THUMOS large scale action recognition challenge: MICC ranked #2

THUMOS large scale action recognition challenge: MICC ranked #2

Thumos ICCV Workshop on Action Recognition with a Large Number of Classes

MICC ranked #2 in the 2013 THUMOS large scale action recognition challenge. The THUMOS challenge is part of the First International Workshop on Action Recognition with a Large Number of Classes. The objective is to address for the first time the task of large scale action recognition with 101 actions classes appearing in a total of 13,320 video clips extracted from YouTube.

For this competition we built a bag-of-features pipeline based on a variety of features extracted from both video and keyframe modalities. In addition to the quantized, hard-assigned features provided by the organizers, we extracted local HOG and Motion Boundary Histogram (MBH) descriptors aligned with dense trajectories in video to capture motion. We encode them as Fisher vectors.
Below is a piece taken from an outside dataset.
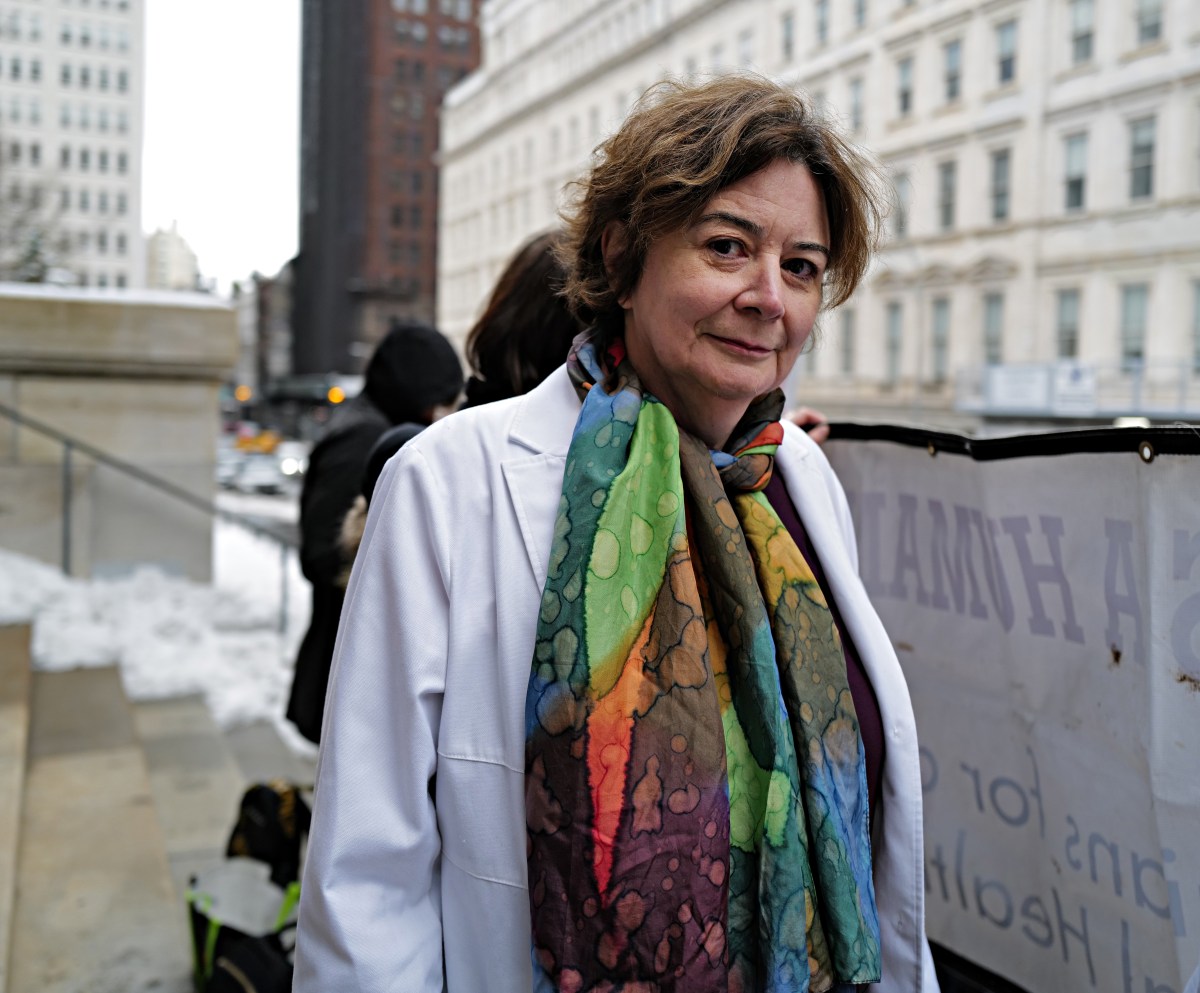 Fire and 'ICE': Immigrant advocates, pols rail against City Hall memo on cooperation with fed agents at schools and shelters 7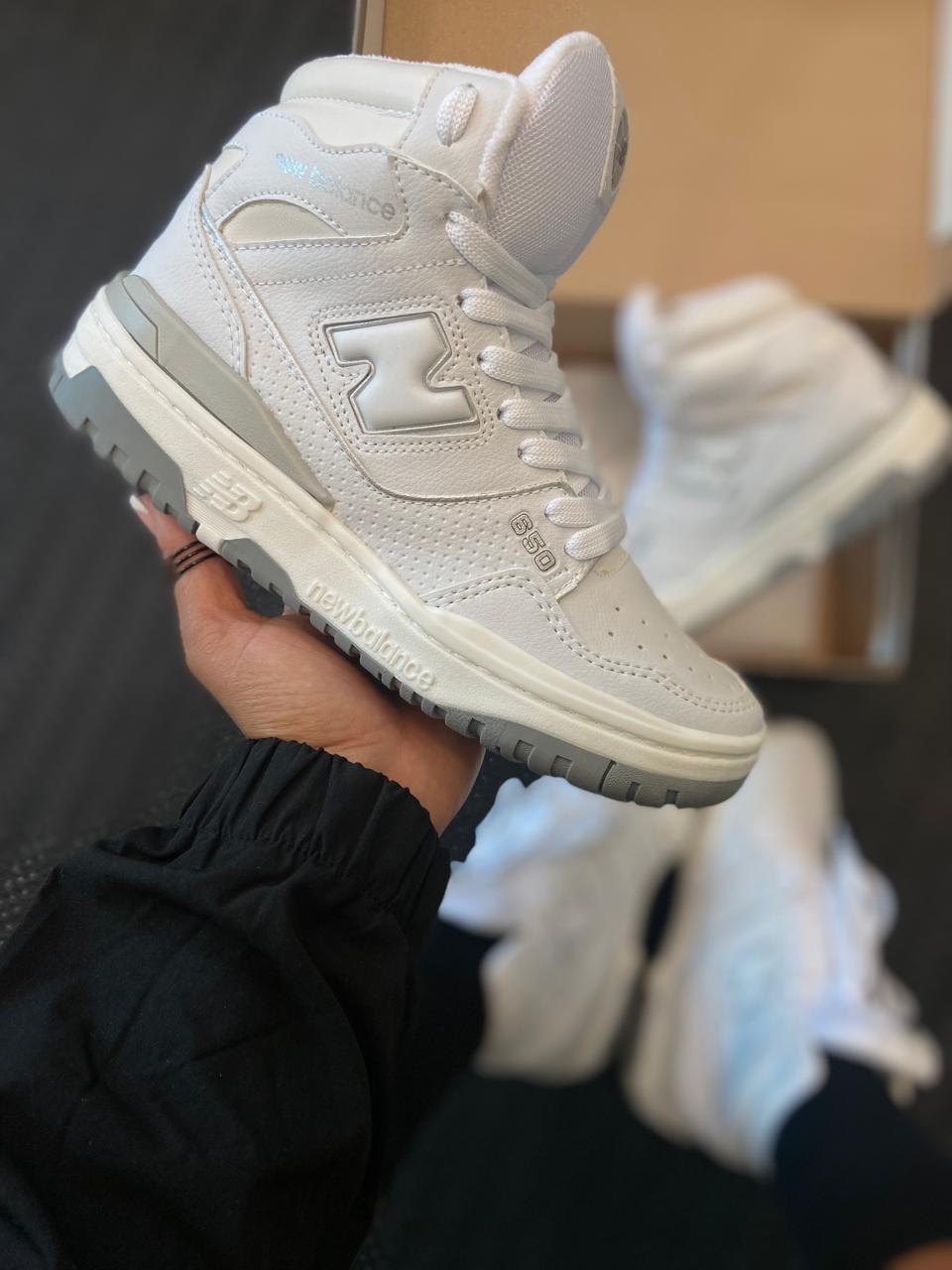 Bota Balance 650 Branco Cinza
To represent action-specific scene context, we compute local SIFT pyramids on grayscale (P-SIFT) and opponent color keyframes (P-OSIFT) extracted as the central frame of each clip. From all these features we built a bag-of-features pipeline using late classifier fusion to combine scores of individual classifier outputs. We further used two complementary techniques that improve on the basic baseline with late fusion. First, we improve accuracy by using L1-regularized logistic regression (L1LRS) for stacking classifier outputs. Second, we show how with a Conditional Random Field (CRF) we can perform transductive labeling of test samples to further improve classification performance. Using our features we improve on those provided by the contest organizers by 8%, and after incorporating L1LRS and the CRF by more than 11%, reaching a final classification accuracy of 85.7%.